We then spent about a class on that last question. Given that we know a chi-squared test and a t-test, how could you use those on these things we measured? We did this in R, and I can give some details about that for anyone interested, but the interesting part here is getting kids to imagine how you format data so that you could use a statistical test. What do you stick in about the sentence length in a t-test? How could -ly adverbs be a chi-squared test? Are either even appropriate here? (Meh, mostly… )
Wait… what? Those are three different authors. NOT SO FAST! Robert Galbraith is actually a pseudonym for… J.K. Rowling! (I wish I had played that up a bit more) So our statistics worked in a way – there were more similarities between G and U than the other combinations.

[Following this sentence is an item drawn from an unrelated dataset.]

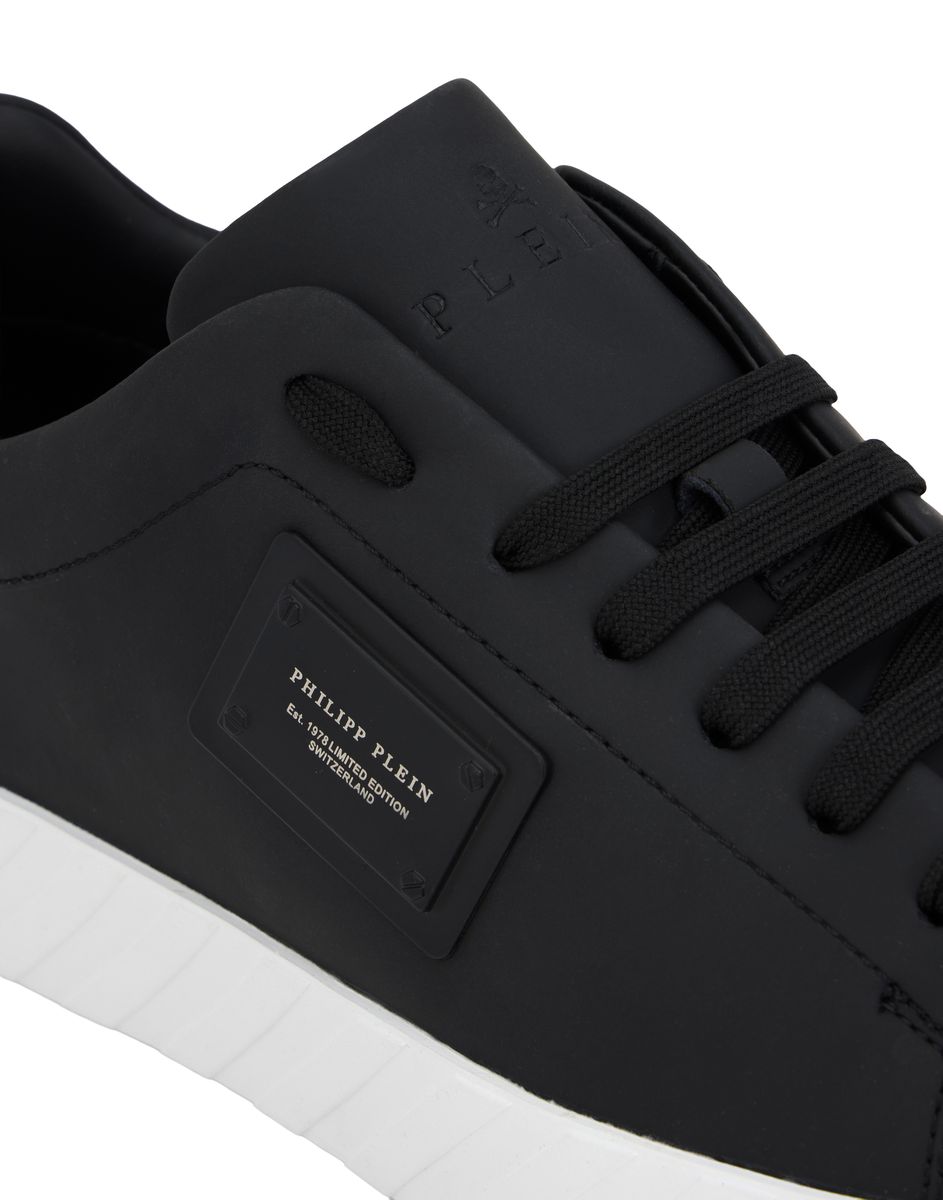 Minimalistische Leder-Sneaker mit Logo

So even when J.K. Rowling was writing under a pseudonym, her writing style was similar Cool!!!!!!
STEP 2: WHAT DOES YOUR WRITING STYLE LOOK LIKE?
Now, I wanted them to do something similar with their own writing. They had just written a joint paper with a partner, and I wanted them to see if their joint paper more closely resembled their own writing or their partners HAHAHAHAHAHA. They were hilariously sheepish about this idea, which told me immediately who had done what 🙂 (but it was all in good fun).

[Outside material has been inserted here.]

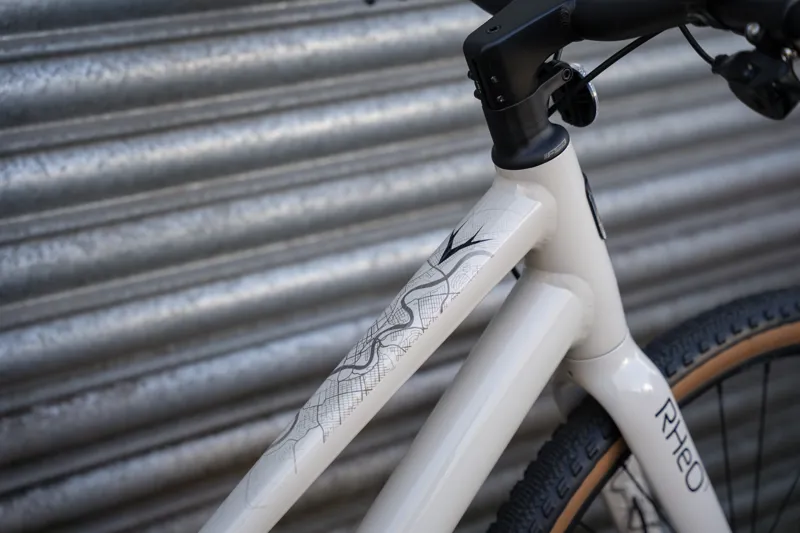 Whyte Bikes RheO1 ST City and Leisure Bike in Gloss Grey-11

Enter a new tool, Count Wordsworth, an online tool that automatically measures a WHOLE BUNCH of statistics about any text that you paste in there (at which point they got mad at me because they had done so much by hand for the pages of the books, but they’re always mad at me for stuff like that). For example, here is just part of the output when I put in my teaching philosophy from my teaching portfolio:
I had them all put in a recent English paper and then find the THREE biggest differences between their paper and their partners. Again, a bunch of fun data questions – do the quotes in the paper mess things up? How about the number of words? What about the topic (English vs. a lab report)?

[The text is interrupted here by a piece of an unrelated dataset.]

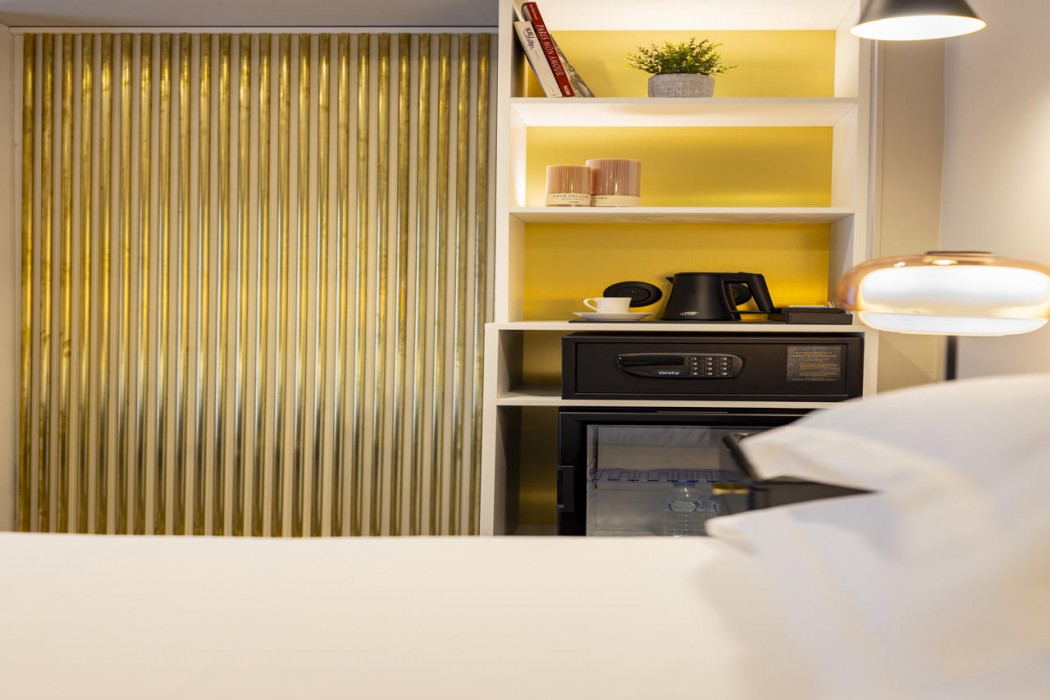 Hotel Mondial 56/100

Then, once they had discovered the three biggest differences, I had them put in their joint paper and try to figure out whose writing style is more closely resembled. This class was a blast, and once they finished this, they were so curious so just kept exploring… Some kids put in their freshman year papers, some put in the headmaster’s emails etc. Lots of fun curiosity!
STEP 3: HOW DOES A PROFESSIONAL STATISTICIAN DO THE SAME SORT OF ANALYSIS?
Lastly, we read a short 10-page segment of the book I mentioned in the beginning,Ben Blatt’s Nabokhov’s Favorite Word is Mauve, specifically a chapter called “Searching for Fingerprints.” It was fun to see what a professional statistician does and we talked about how he could possibly measure some of the things that he did with the computing power we have nowadays.
Good stuff! Happy Holidays everyone!